One of the myths the author debunked is that exposing kids to money will make them materialistic; Parents fear that their innocence will be corrupted the moment money comes into the picture. Yet, Fausto counters that money is just, well, money. How a person relates to it adds a dimension of whether it is good or evil.
The same goes for another myth that says that too much money is bad for the family. Again, Fausto says, money only negatively affects family relationships when used the wrong way.
The good it does
Teaching children how to manage money at a young age goes a long way. Fausto states that making her sons save and invest when they were still young gave them a good exposure on how finances works.
“Tinuuraan ko yung mga anak ko to prepare their balance sheets as early as grade school,” she says. “When it comes to money kasi ’di ba parang abstract concept. It’s easier if there is a balance sheet. They would see their shares of their favorite stocks growing like Jollibee or Ayala.
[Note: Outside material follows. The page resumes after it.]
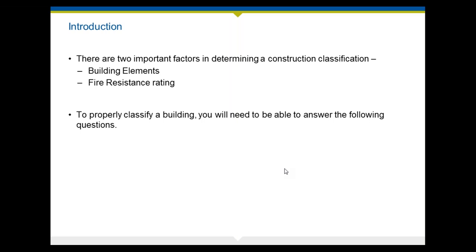What are the two important factors in determining a construction classification? First of all, the building elements — what is the building made out of? What are the materials, fire resistance, thickness, and things of that nature? And then secondly, the fire resistance rating. They're constantly coming up with new construction materials — they now have concrete that sets up in sub-zero temperatures. It's a fascinating thing that changes all the time. The fire rating changes. There is nothing that's fireproof — there are only materials that are fire resistant, and we'll talk about that in a few minutes.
Instead of buying that gizmo, they know that they can grow their money.”
She also adds that having a high Financial Intelligence Quotient (FQ) can serve as an economic defense for children because it prepares them in whatever field they will venture.
Caught, not taught
Money may be a sensitive topic, but discussing it with the children is inevitable for parents. Fausto stresses that this can’t be delegated to anyone else since it is rooted in the family’s value system. When imparting the importance of managing finances to kids, the author explains setting a good example is always the key.
“Gagawin nila kung anong nakikita nilang ginagawa, hindi kung ano yung sinasabi,” she stresses.
FQ: The Nth Intelligence is available in major bookstores for only P385.